We’re going to talk about death and dying in a moment, so you might want to pre­pare your­self with a short break that you might find enter­tain­ing.  You might even try danc­ing along with this video by moti­va­tion­al speak­er Sean Stephen­son: http://www.youtube.com/watch?v=TAibh3SqRUo.

Funer­al costs have risen so far and so fast late­ly that peo­ple who have been through it tell what may be the unfun­ni­est joke in his­to­ry: they say that dying has become so expen­sive that nobody can afford it any more.

One rea­son for these cost increas­es is that many peo­ple fail to plan for the funer­al, the bur­ial plot or cre­ma­tion, the flow­ers and every­thing else before the fact.  Sud­den­ly, the griev­ing fam­i­ly has to make com­pli­cat­ed arrange­ments, and in the high­ly-emo­tion­al moment, they are in no mood to bar­gain over the cost.  In fact, it was so easy for funer­al direc­tors to sell unnec­es­sary add-ons dur­ing these moments of vul­ner­a­bil­i­ty that the Fed­er­al Trade Com­mis­sion cre­at­ed a “Funer­al Rule” which requires mor­tu­ar­ies to present a price list of ser­vices to con­sumers before show­ing them prod­ucts such as cas­kets.  More recent­ly, the FTC has cre­at­ed not one but two brochures, one that sum­ma­rize the rights of con­sumers (http://www.ftc.gov/bcp/edu/pubs/consumer/products/pro26.shtm), anoth­er that func­tions as a guide to plan­ning funer­al arrange­ments from a con­sumer stand­point (http://www.ftc.gov/bcp/edu/pubs/consumer/products/pro19.shtm).  Among the lit­tle-known reg­u­la­to­ry pro­vi­sions: a funer­al provider may not refuse, or charge a fee, to han­dle a cas­ket you bought elsewhere.

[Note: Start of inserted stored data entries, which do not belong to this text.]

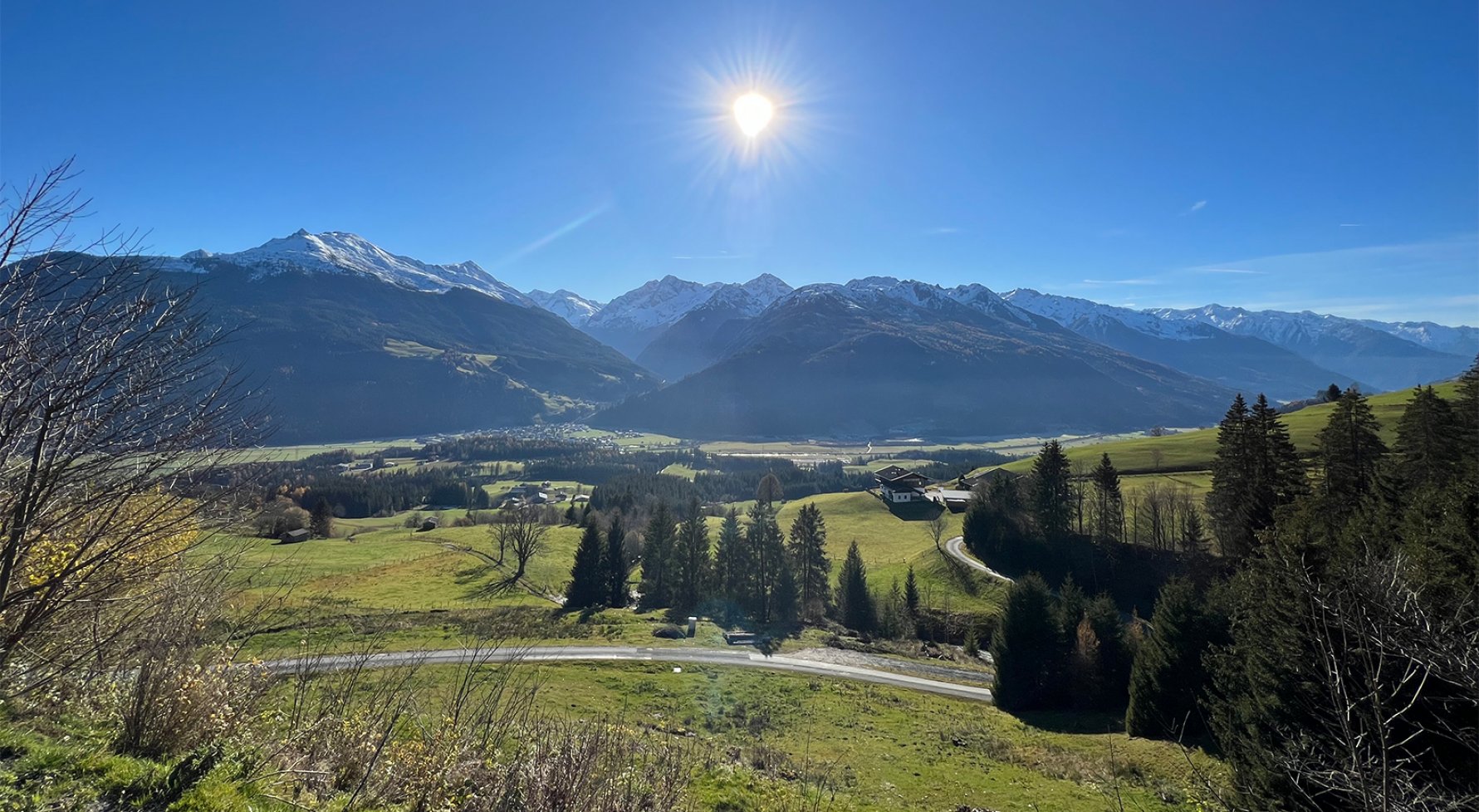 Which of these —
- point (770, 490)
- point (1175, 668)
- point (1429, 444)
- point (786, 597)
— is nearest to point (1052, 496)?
point (1429, 444)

Why do peo­ple fail to plan?  Chil­dren of aging par­ents are often reluc­tant to bring up the dif­fi­cult sub­ject of death, even though in many cas­es the par­ents would greet the dis­cus­sion with relief.  Spelling out the funer­al pref­er­ences is not nor­mal­ly part of a per­son­’s will or estate doc­u­ments, and few peo­ple under­stand their choic­es, which can be com­plex.  Do you want a tra­di­tion­al full-ser­vice funer­al which includes a view­ing and for­mal funer­al ser­vice (the most expen­sive option), a direct bur­ial (no view­ing and there­fore no embalm­ing) plus a grave­side memo­r­i­al ser­vice, or a direct cremation?

And if you do use a funer­al home, which one should you use?  The non­prof­it Funer­al Con­sumers Alliance (FCA) has esti­mat­ed that the exact same pack­age of ser­vices at dif­fer­ent providers can cost any­where from $2,500 to $6,000.  The FCA is offer­ing a new book, “Final Rights,” which offers tips on how to nav­i­gate what it calls the “death indus­try,” which takes in $15 bil­lion a year.

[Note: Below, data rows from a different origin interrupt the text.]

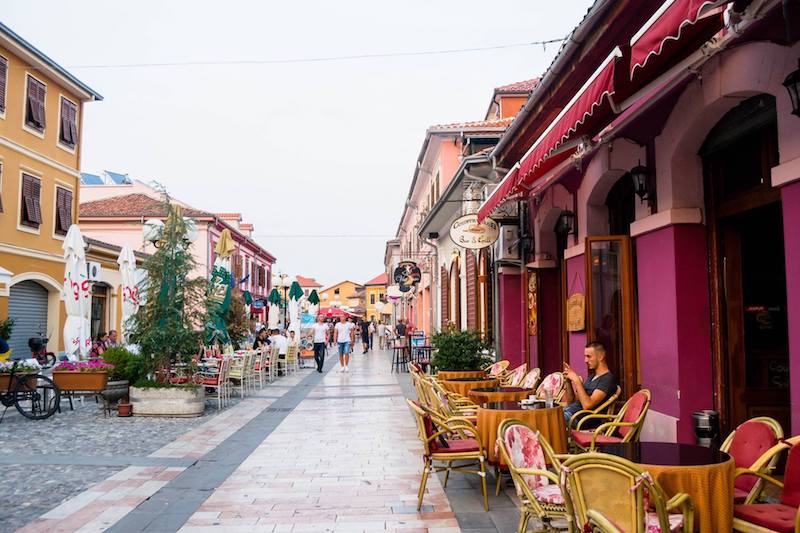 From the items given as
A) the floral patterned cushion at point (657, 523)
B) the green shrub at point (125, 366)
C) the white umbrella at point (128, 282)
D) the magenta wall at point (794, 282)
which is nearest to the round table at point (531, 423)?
the magenta wall at point (794, 282)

Hav­ing this con­ver­sa­tion could not only save mon­ey for the heirs of loved ones; it could also reduce the con­fu­sion and emo­tion around mak­ing dif­fi­cult deci­sions at a time of grief.  It can be part of the dis­cus­sion about a med­ical pow­er of attor­ney – anoth­er impor­tant safe­guard of every­one’s well-being.